In the deluge of new tech terms that are constantly hitting our eyeballs “serverless” or “serverless compute” is one term that comes up more and more frequently. While the term serverless is a bit of a misnomer, we need servers or at least computers to run code, the concept allows a developer to write bits of code and deploy it to a framework that autoscales up and down in real-time in response to requests.
The speed at which we can interact, learn, and make our selfies have cat masks is all due to the wide ranging cloud based services developers have available. Cloud providers have continuously been focused on creating services to enable developers to create smarter and more scalable solutions while off-loading the need to maintain the requisite infrastructure. Serverless compute is a newer service that cloud providers have been making available to developers. Developers can deploy functions to their cloud provider and make them available, similar to an API. More interestingly these can also be designed as event based solutions. These events are typically created by other services in the cloud provider’s ecosystem and allows for interesting trigger based functions to be developed.
A typical example is an image uploaded to a file store, this event calls a serverless function which creates a thumbnail and stores this thumbnail back into the the file store as well as recording the thumbnail location in nosql databases. The insert into the nosql database could then trigger further functions. This thumbnail creation function only runs on demand and the only cost incurred is how many times the function is invoked. The function will scale out in real time if many people are uploading images and then scale to zero once they are done.

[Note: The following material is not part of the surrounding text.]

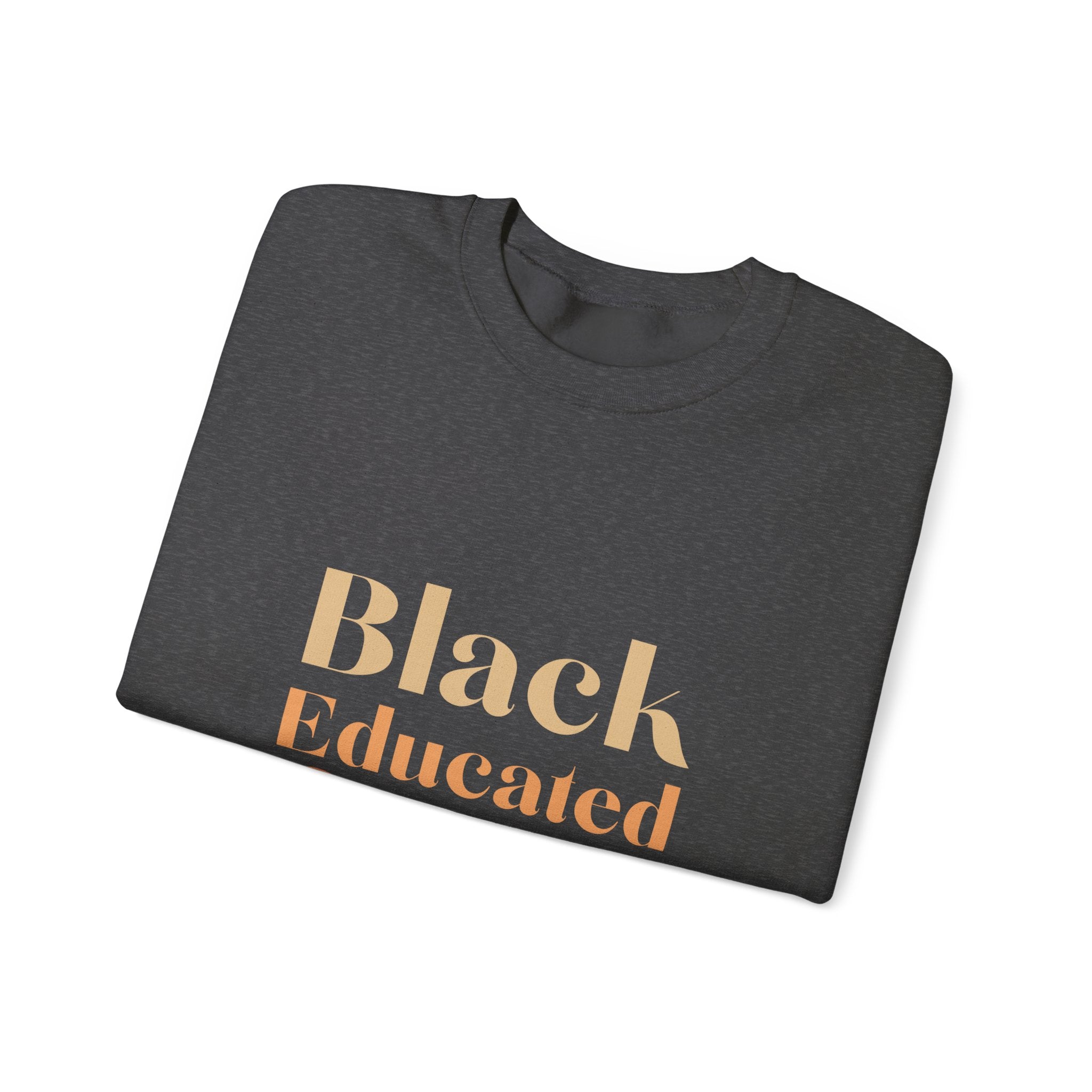 Afrocentric Sweatshirt – Diaspora Pride Clothing | MyRoots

The benefits are multitude, no infrastructure to maintain, a true pay per use model which is very inexpensive, the capacity to scale your project to enterprise levels with an enterprise sized team, the functions elastically scale to bursty traffic, etc… However, the downside is still lurking in the shadows. System monitoring and debugging becomes difficult and is based on logging available from the service, vendor lock occurs especially when leveraging events from other services, while the serverless compute may be cheap the other services may not be, also deployment mechanisms and IDEs are not typically prepared to manage serverless functions.
Given the limited resources available to IoT and industrial IoT devices, serveless IoT has started to gain traction. Serverless IoT is an extension of the cloud serverless compute offering where IoT devices can connect to a cloud service that responds to devices and their data based on code uploaded by the developer. Similar to the example above an IoT datastore can send it’s data to the cloud IoT service where the data can be further processed, moved to a central database, and another IoT device sent an event to perform further work. Connectivity is a major hurdle to overcome in this example. In an edge computing scenario access to the cloud can be intermittent say in a autonomous vehicle scenario, or non-existent with smart agriculture devices. New technologies are emerging to overcome limited network access.

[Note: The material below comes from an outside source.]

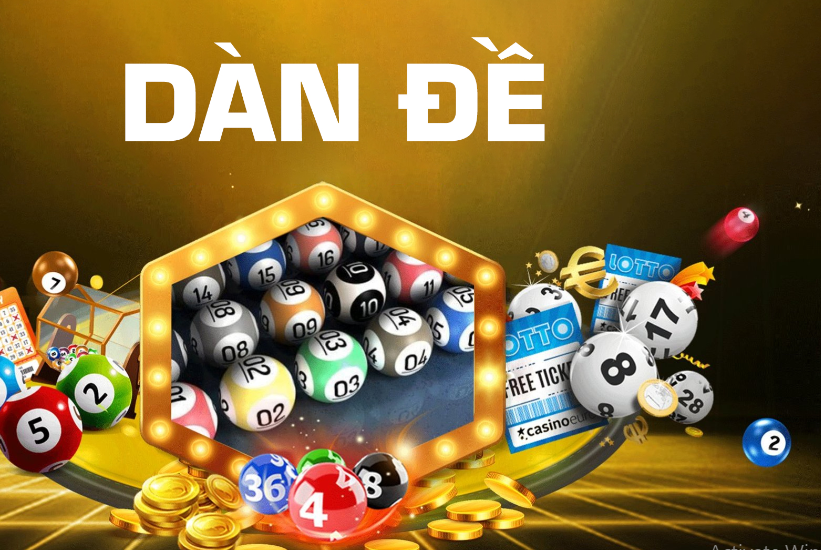 luck888 tải game xếp bài về máy tính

OpenWhisk allows for the same event driven managed infrastructure but in a hosted environment. There is still the cost of managing your own servers, however OpenWhisk performs the orchestration of spawning containers to manage the overhead of executing your code at scale. In an Industrial IoT scenario a warehouse could have a closed network with serverless compute running to provide communication between all their IoT databases.
IoT databases are emerging in the technology landscape where the database as a micoservice paradigm holds. In this scenario the IoT devices are running a distributed database that provide a very small footprint and at rest takes up little to no compute or power resources. On a device event, the database gets invoked and can perform full sql nosql crud events, once complete the device will go back to low power mode. Due to the mesh network of devices they all interact similar to a large cloud based serverless infrastructure.
One final instance of serverless compute is the notion of a serverless database. In actuality serverless compute databases have been around for a while with the concept of DbaaS (Database as a Service). However the pricing model has not reflected this and the technology has not always aligned with what we have discussed regarding serverless compute. Databases have been designed to be always on and as such need to be inside always on infrastructure. However, going back to the database as a microservice, essentially you have decoupled the state of the database application from the storage of the database itself. Once these two pieces are separated and the database logic runs on a microservice architecture it is relatively simple to containerize this and run the database logic serverless. That handles scale on the application side, then with predetermined sharding and replication mechanisms the storage piece can horizontally scale itself.